If a 20 kg object fell to the surgace of the Earth from a height of 30m, what would its final velocity be? (work from the energy standpoint)
the PE is mgh
the KE is 1/2 m v^2
set equal, and solve for v.
Could you explain. I'm stuck. I got 30 v^2 so far but I don't think that is right.
To determine the final velocity of the object, we can use the principle of conservation of energy.
The potential energy of an object at a height h is given by the equation: PE = mgh, where m is the mass of the object, g is the acceleration due to gravity (approximately 9.8 m/s²), and h is the height.
The potential energy is converted into kinetic energy as the object falls, where kinetic energy is given by the equation: KE = (1/2)mv², where v is the final velocity of the object.
According to the conservation of energy, the initial potential energy of the object is equal to the final kinetic energy. Therefore, we can set up an equation: mgh = (1/2)mv².

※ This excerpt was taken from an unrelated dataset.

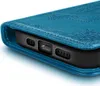 A close-up view of a blue phone case with embossed patterns, showing the bottom edge of a phone inserted into it. Podgląd zdjęcia produktu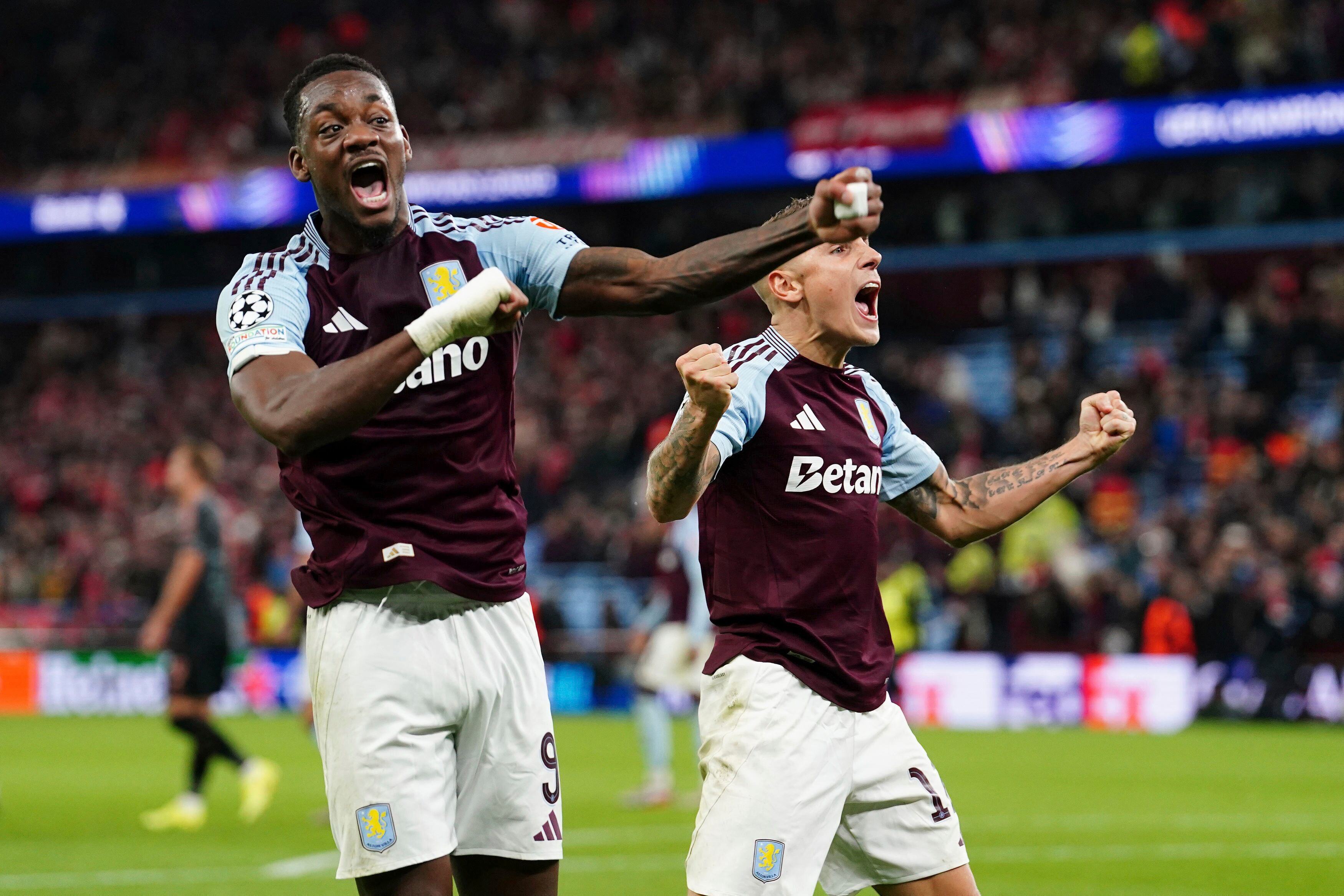 Aston Villa's Jhon Duran, left, and Lucas Digne celebrate after the Champions League opening phase soccer match between Aston Villa and Bayern Munich, at Villa Park in Birmingham, England, Wednesday, Oct. 2, 2024. (David Davies/PA via AP)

Now, let's plug in the given values into the equation:
m = 20 kg
g = 9.8 m/s²
h = 30 m
20 kg * 9.8 m/s² * 30 m = (1/2) * 20 kg * v²
Simplifying the equation:
5880 joules = 10 kg * v²
Now, rearrange the equation to solve for v:
v² = 5880 joules / 10 kg
v² = 588 m²/s²
Finally, take the square root of both sides to find the final velocity v:
v = √(588 m²/s²)
v ≈ 24.2 m/s
Therefore, the final velocity of the 20 kg object, when it falls to the surface of the Earth from a height of 30 m, will be approximately 24.2 m/s.